**MATERIALS PROVIDED**
• • • • • • •

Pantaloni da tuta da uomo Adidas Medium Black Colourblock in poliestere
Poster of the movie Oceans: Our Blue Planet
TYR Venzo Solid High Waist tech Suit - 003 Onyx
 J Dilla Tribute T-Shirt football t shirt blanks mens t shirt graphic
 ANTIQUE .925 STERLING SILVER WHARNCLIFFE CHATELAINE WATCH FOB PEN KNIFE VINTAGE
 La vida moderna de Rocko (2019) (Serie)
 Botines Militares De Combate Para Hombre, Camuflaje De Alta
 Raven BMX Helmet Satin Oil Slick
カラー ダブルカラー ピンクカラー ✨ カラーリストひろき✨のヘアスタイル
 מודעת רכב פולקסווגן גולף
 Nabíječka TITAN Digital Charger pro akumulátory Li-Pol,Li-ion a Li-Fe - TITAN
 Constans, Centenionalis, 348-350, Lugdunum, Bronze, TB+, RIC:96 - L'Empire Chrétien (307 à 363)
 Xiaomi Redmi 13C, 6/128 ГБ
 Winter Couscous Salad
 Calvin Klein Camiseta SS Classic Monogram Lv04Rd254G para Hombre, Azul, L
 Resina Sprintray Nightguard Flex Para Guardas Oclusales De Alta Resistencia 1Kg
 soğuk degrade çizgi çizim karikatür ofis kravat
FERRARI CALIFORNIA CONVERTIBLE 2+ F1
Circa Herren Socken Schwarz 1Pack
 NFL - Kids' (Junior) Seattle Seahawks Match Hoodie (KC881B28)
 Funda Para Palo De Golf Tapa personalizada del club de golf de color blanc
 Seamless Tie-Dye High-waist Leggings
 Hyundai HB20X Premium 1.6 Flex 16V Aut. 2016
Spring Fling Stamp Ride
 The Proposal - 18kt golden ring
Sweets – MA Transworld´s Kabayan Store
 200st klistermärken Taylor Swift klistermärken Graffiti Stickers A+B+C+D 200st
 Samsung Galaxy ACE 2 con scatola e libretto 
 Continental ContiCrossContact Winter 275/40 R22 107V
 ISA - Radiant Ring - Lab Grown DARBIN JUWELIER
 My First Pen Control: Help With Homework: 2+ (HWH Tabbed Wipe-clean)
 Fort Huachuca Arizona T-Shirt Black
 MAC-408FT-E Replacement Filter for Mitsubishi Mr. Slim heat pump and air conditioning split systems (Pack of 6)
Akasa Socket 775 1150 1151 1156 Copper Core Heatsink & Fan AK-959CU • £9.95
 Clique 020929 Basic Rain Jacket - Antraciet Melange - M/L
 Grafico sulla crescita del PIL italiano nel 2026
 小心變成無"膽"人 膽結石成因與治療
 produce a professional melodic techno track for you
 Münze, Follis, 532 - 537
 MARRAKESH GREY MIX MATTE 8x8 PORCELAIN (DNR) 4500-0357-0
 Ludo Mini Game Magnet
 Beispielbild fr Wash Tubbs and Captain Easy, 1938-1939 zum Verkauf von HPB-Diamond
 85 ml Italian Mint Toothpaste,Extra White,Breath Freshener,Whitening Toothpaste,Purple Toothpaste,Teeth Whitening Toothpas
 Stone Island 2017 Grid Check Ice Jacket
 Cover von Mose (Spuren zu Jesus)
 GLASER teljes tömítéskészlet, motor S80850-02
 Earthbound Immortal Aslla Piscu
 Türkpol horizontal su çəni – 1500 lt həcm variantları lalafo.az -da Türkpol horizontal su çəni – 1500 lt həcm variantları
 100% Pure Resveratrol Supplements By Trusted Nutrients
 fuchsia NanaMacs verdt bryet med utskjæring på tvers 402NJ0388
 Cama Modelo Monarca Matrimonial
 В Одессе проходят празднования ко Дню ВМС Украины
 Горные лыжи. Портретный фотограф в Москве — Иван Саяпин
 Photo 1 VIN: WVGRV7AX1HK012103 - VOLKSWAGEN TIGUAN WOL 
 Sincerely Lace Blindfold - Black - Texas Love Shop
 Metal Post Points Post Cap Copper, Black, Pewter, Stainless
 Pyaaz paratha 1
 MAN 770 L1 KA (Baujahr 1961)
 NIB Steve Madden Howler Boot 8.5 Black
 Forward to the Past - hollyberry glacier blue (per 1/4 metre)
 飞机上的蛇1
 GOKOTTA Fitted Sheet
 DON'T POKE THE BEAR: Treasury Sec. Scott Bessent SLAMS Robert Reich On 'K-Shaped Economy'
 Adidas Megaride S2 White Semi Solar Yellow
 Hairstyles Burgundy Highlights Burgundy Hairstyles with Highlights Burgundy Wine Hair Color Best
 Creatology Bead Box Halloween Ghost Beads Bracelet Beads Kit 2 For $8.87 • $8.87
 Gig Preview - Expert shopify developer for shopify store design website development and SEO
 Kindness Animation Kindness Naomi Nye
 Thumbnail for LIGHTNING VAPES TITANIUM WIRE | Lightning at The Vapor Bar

• • • • • • •

**WHAT YOU NEED TO DO**
Line by line, copy the entries above exactly as they appear.

**RESULT FOR THIS EXERCISE**
Pantaloni da tuta da uomo Adidas Medium Black Colourblock in poliestere
Poster of the movie Oceans: Our Blue Planet
TYR Venzo Solid High Waist tech Suit - 003 Onyx
 J Dilla Tribute T-Shirt football t shirt blanks mens t shirt graphic
 ANTIQUE .925 STERLING SILVER WHARNCLIFFE CHATELAINE WATCH FOB PEN KNIFE VINTAGE
 La vida moderna de Rocko (2019) (Serie)
 Botines Militares De Combate Para Hombre, Camuflaje De Alta
 Raven BMX Helmet Satin Oil Slick
カラー ダブルカラー ピンクカラー ✨ カラーリストひろき✨のヘアスタイル
 מודעת רכב פולקסווגן גולף
 Nabíječka TITAN Digital Charger pro akumulátory Li-Pol,Li-ion a Li-Fe - TITAN
 Constans, Centenionalis, 348-350, Lugdunum, Bronze, TB+, RIC:96 - L'Empire Chrétien (307 à 363)
 Xiaomi Redmi 13C, 6/128 ГБ
 Winter Couscous Salad
 Calvin Klein Camiseta SS Classic Monogram Lv04Rd254G para Hombre, Azul, L
 Resina Sprintray Nightguard Flex Para Guardas Oclusales De Alta Resistencia 1Kg
 soğuk degrade çizgi çizim karikatür ofis kravat
FERRARI CALIFORNIA CONVERTIBLE 2+ F1
Circa Herren Socken Schwarz 1Pack
 NFL - Kids' (Junior) Seattle Seahawks Match Hoodie (KC881B28)
 Funda Para Palo De Golf Tapa personalizada del club de golf de color blanc
 Seamless Tie-Dye High-waist Leggings
 Hyundai HB20X Premium 1.6 Flex 16V Aut. 2016
Spring Fling Stamp Ride
 The Proposal - 18kt golden ring
Sweets – MA Transworld´s Kabayan Store
 200st klistermärken Taylor Swift klistermärken Graffiti Stickers A+B+C+D 200st
 Samsung Galaxy ACE 2 con scatola e libretto 
 Continental ContiCrossContact Winter 275/40 R22 107V
 ISA - Radiant Ring - Lab Grown DARBIN JUWELIER
 My First Pen Control: Help With Homework: 2+ (HWH Tabbed Wipe-clean)
 Fort Huachuca Arizona T-Shirt Black
 MAC-408FT-E Replacement Filter for Mitsubishi Mr. Slim heat pump and air conditioning split systems (Pack of 6)
Akasa Socket 775 1150 1151 1156 Copper Core Heatsink & Fan AK-959CU • £9.95
 Clique 020929 Basic Rain Jacket - Antraciet Melange - M/L
 Grafico sulla crescita del PIL italiano nel 2026
 小心變成無"膽"人 膽結石成因與治療
 produce a professional melodic techno track for you
 Münze, Follis, 532 - 537
 MARRAKESH GREY MIX MATTE 8x8 PORCELAIN (DNR) 4500-0357-0
 Ludo Mini Game Magnet
 Beispielbild fr Wash Tubbs and Captain Easy, 1938-1939 zum Verkauf von HPB-Diamond
 85 ml Italian Mint Toothpaste,Extra White,Breath Freshener,Whitening Toothpaste,Purple Toothpaste,Teeth Whitening Toothpas
 Stone Island 2017 Grid Check Ice Jacket
 Cover von Mose (Spuren zu Jesus)
 GLASER teljes tömítéskészlet, motor S80850-02
 Earthbound Immortal Aslla Piscu
 Türkpol horizontal su çəni – 1500 lt həcm variantları lalafo.az -da Türkpol horizontal su çəni – 1500 lt həcm variantları
 100% Pure Resveratrol Supplements By Trusted Nutrients
 fuchsia NanaMacs verdt bryet med utskjæring på tvers 402NJ0388
 Cama Modelo Monarca Matrimonial
 В Одессе проходят празднования ко Дню ВМС Украины
 Горные лыжи. Портретный фотограф в Москве — Иван Саяпин
 Photo 1 VIN: WVGRV7AX1HK012103 - VOLKSWAGEN TIGUAN WOL 
 Sincerely Lace Blindfold - Black - Texas Love Shop
 Metal Post Points Post Cap Copper, Black, Pewter, Stainless
 Pyaaz paratha 1
 MAN 770 L1 KA (Baujahr 1961)
 NIB Steve Madden Howler Boot 8.5 Black
 Forward to the Past - hollyberry glacier blue (per 1/4 metre)
 飞机上的蛇1
 GOKOTTA Fitted Sheet
 DON'T POKE THE BEAR: Treasury Sec. Scott Bessent SLAMS Robert Reich On 'K-Shaped Economy'
 Adidas Megaride S2 White Semi Solar Yellow
 Hairstyles Burgundy Highlights Burgundy Hairstyles with Highlights Burgundy Wine Hair Color Best
 Creatology Bead Box Halloween Ghost Beads Bracelet Beads Kit 2 For $8.87 • $8.87
 Gig Preview - Expert shopify developer for shopify store design website development and SEO
 Kindness Animation Kindness Naomi Nye
 Thumbnail for LIGHTNING VAPES TITANIUM WIRE | Lightning at The Vapor Bar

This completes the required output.